En la fidelidad de la mujer a la alianza divina la literatura sapiencial indica la cima de sus posibilidades y la fuente más grande de admiración. En efecto, aunque a veces puede defraudar, la mujer supera todas las expectativas cuando su corazón es fiel a Dios: «Engañosa es la gracia, vana la hermosura; la mujer que teme al Señor, ésa será alabada» (Pr 31, 30).

 

4. En este contexto, el libro de los Macabeos, en la historia de la madre de los siete hermanos martirizados durante la persecución de Antíoco Epífanes, nos presenta el ejemplo más admirable de nobleza en la prueba.
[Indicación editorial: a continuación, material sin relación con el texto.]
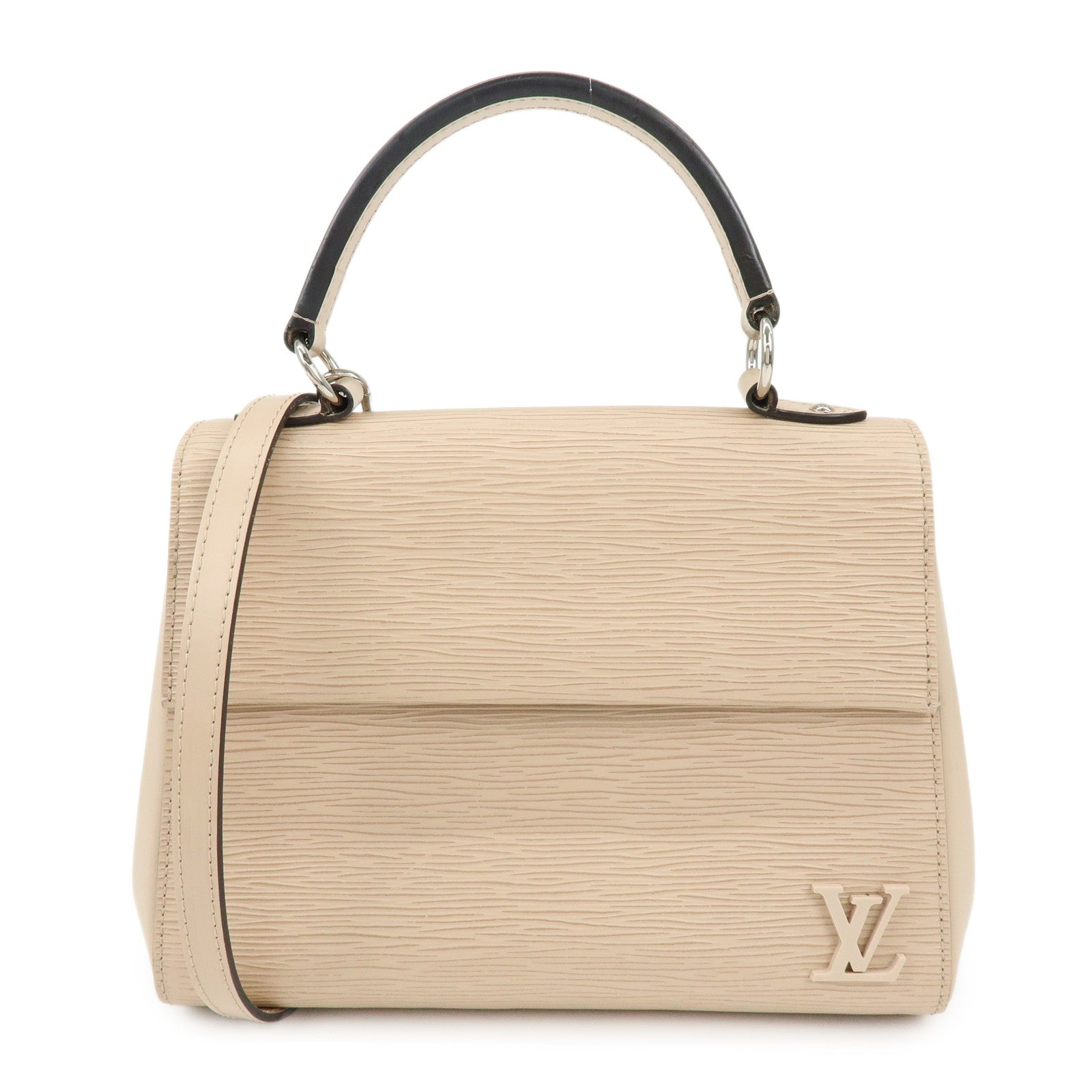 Louis Vuitton Cluny BB Epi Leather 2Way Bag Hand Bag Dune M41317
Después de haber descrito la muerte de los siete hermanos, el autor sagrado añade: «Admirable de todo punto y digna de glorioso recuerdo fue aquella madre que, al ver morir a sus siete hijos en el espacio de un solo día, sufría con valor porque tenía la esperanza puesta en el Señor. Animaba a cada uno de ellos en su lenguaje patrio y, llena de generosos sentimientos y estimulando con ardor varonil sus reflexiones de mujer», expresaba de esta manera su esperanza en una resurrección futura: «Pues así el Creador del mundo, el que modeló al hombre en su nacimiento y proyectó el origen de todas las cosas, os devolverá el espíritu y la vida con misericordia, porque ahora no miráis por vosotros mismos a causa de sus leyes» (2 M 7, 20 23).

 

La madre, exhortando al séptimo hijo a aceptar la muerte antes que transgredir la ley divina, expresa su fe en la obra de Dios, que crea de la nada todas las cosas: «Te ruego, hijo, que mires al cielo y a la tierra y, al ver todo lo que hay en ellos, sepas que a partir de la nada lo hizo Dios y que también el género humano ha llegado así a la existencia. No temas a este verdugo; antes bien, mostrándote digno de tus hermanos, acepta la muerte, para que vuelva yo a encontrarte con tus hermanos en la misericordia» (2 M 7, 28 29).

 

Por último, también ella se encamina hacia la muerte cruel, después de haber sufrido siete veces el martirio del corazón, testimoniando una fe inquebrantable, una esperanza sin límites y una valentía heroica. En estas figuras de mujer, en las que se manifiestan las maravillas de la gracia divina, se vislumbra a la que será la mujer más grande: María, la Madre del Señor.